Pairing less experienced engineers with a code generation tool is beneficial, especially in remote setups. It helps them learn quickly how to handle common software development issues. They will need to know how to describe the problem and solution for this to be effective. It ensures a baseline for their code output regarding performance, security, lack of code smells, etc.
Your engineers will learn to rely on generated code rather than understand the software’s business logic. This will decrease their ability to extend the functionalities and troubleshoot issues effectively.
AI tools cannot replace mentoring. Young engineers learn much more from their more experienced colleagues than just coding. They get the company’s culture, work ethics and discipline, problem-solving and dealing with issues at work – communication and much more.
They become senior engineers by gaining experience and observing the actions of their experienced mentors. This involves not only learning the technologies used but copying their mentors’ behavior.
In short, you cannot get a senior developer by isolating an engineer and giving them access to AI tools.
Any service created for people (most hyped AI services fall in that category for now) needs happy users to exist.
On the one hand, code generation is like an intern that does your menial tasks for you. On the other hand, it can take away the mental challenge of solving a problem. This challenge is often what gives developers such satisfaction. Initially, there tends to be a spike in satisfaction until the excitement of the new tool wears off.
We are monitoring the NPS of our developers internally using AI tools for code generation. That helps us get to know the trends in their satisfaction when regularly utilizing AI tools.
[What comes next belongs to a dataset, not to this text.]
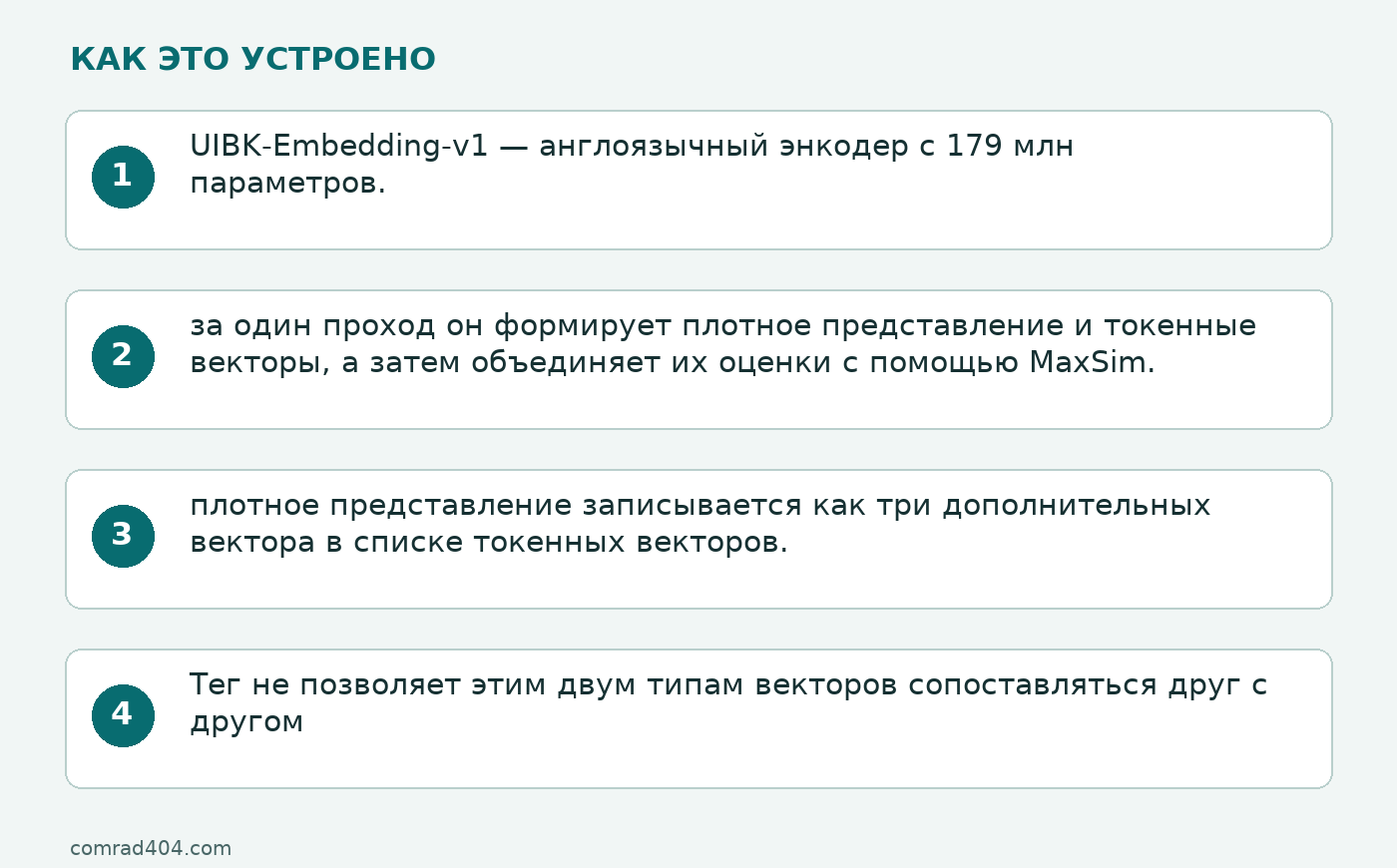 Схема: UIBK-Embedding-v1 — англоязычный энкодер с 179 млн параметров.; за один проход он формирует плотное представление и токенные векторы, а затем объединяет их оценки с помощью MaxSim.; плотное представление записывается как три дополнительных вектора в списке токенных векторов.; Тег не позволяет этим двум типам векторов сопоставляться друг с другом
If you go back in time and give Shakespeare a copy of his sonnets and he likes them so much that he copies them – who would have written Shakespeare’s sonnets?
The lack of explainability on how an AI model works puts us in very much the same position. This is valid for code, text, images, video – really any content that AI conjures up.
An even bigger issue is how you can really be sure that your organization or customer’s code is not used for further training and offered externally to other organizations.
We ask our customers’ permission to use AI generative tools with their codebase. This is because there is no explicit legislation or regulation on the matter yet. With regards to code generation, I doubt there will be soon. There are various reasons that can be a basis for another blog post.
How we create software is changing, bringing more opportunities than risks. Still, we should be aware of the risks and manage them accordingly.
The future of software development belongs to the companies that adopt AI in their work (not just for code generation or code evaluation), giving them a sensible competitive edge over the ones that shun the tech. It is crucial to embrace the opportunities that come with AI development. To do this, we must adopt the culture and practices of using these models responsibly. Irresponsibly applying AI to everything is a recipe for disaster, but not using the tech’s strengths is still a bigger risk.
At Scalefocus, we combine AI with our proprietary reusable technology (Accelerator Apps). This helps us boost the productivity and quality of our engineering output, bringing it to new heights.